Finally, we found a hostel in a castle 45 minutes on the other side of town. I sent a few quick emails to my mother and those i had hoped to meet up with over the weekend, and took off for the central station where I would buy a ticket for Beverwijk from where I would take a bus to Heemskerk. I did make reservations at Shelter Jordan by phone for Monday and Tuesday nights just in case.
An hour and a half later I arrived at the hostel in Heemskerk. I had to get some help with the bus. The hostel is a 13th century castle on the opposite side of town from the ocean. I had to stay in the servants house Friday night because there was a wedding in the castle, but I am now in the castle. I got to my room by 7 p.m. and slept through till 11:30 a.m. I’d only slept an hour or two on the plane, but somewhere between adrenaline and not having a very good sleep shedule to begin with I haven’t felt to out-of-whack due to the 6 hour time difference.
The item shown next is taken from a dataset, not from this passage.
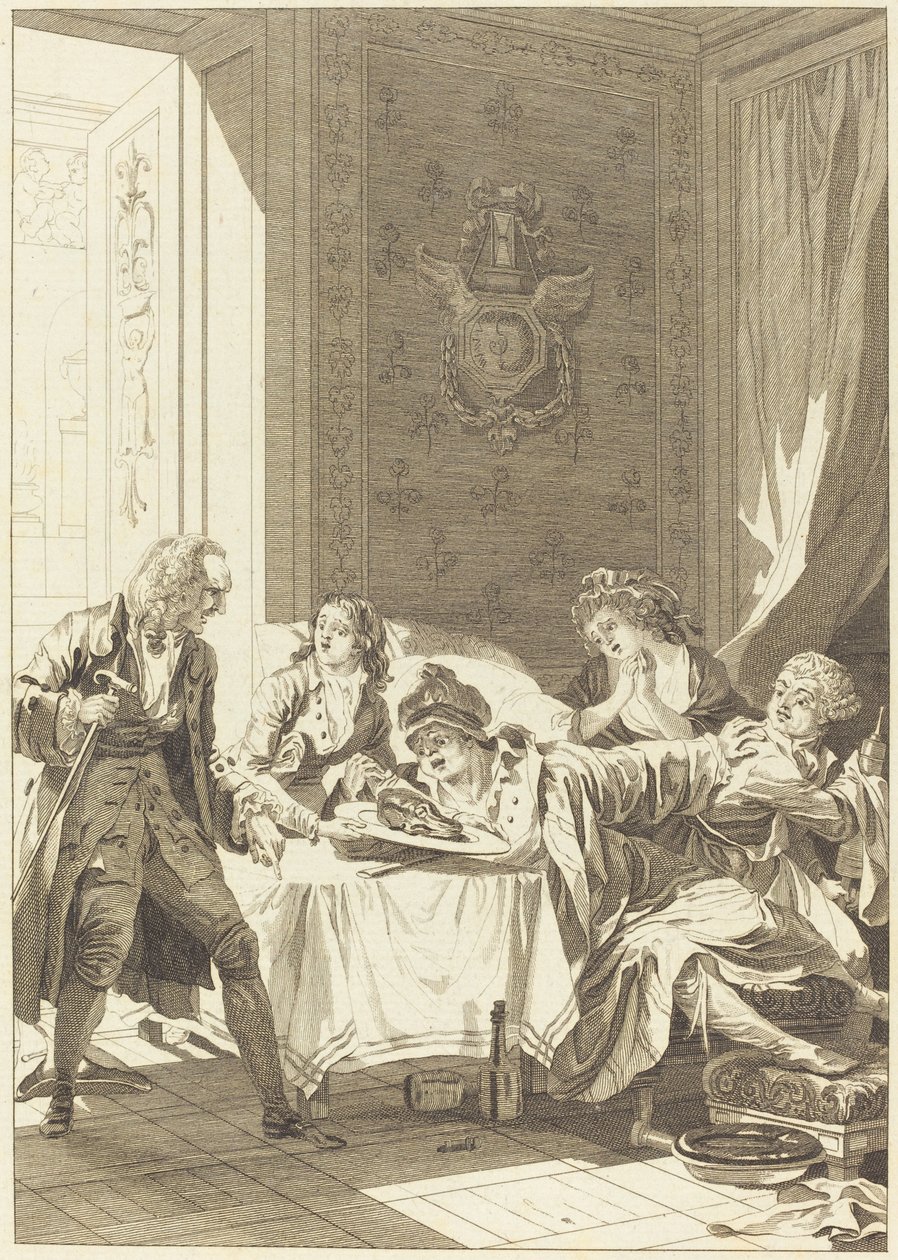 fråtseren av Jean Baptiste Blaise Simonet after Jacques Louis François Touzé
I plan to hangout for the weekend here and head back to Amsterdam on monday to try to get a bike, sofi. number, and apartment. The government paper work should take a few days. So I will be until then without a bank account. Hopefully, by tuesday or wednesday I will be ready to brave the UK. I am definately making reservations and planning a bit more before I go anywhere.
So, I’m off lest I end up blogging about blogging. I’ll check back in when I have more to report. Hope all is well with you.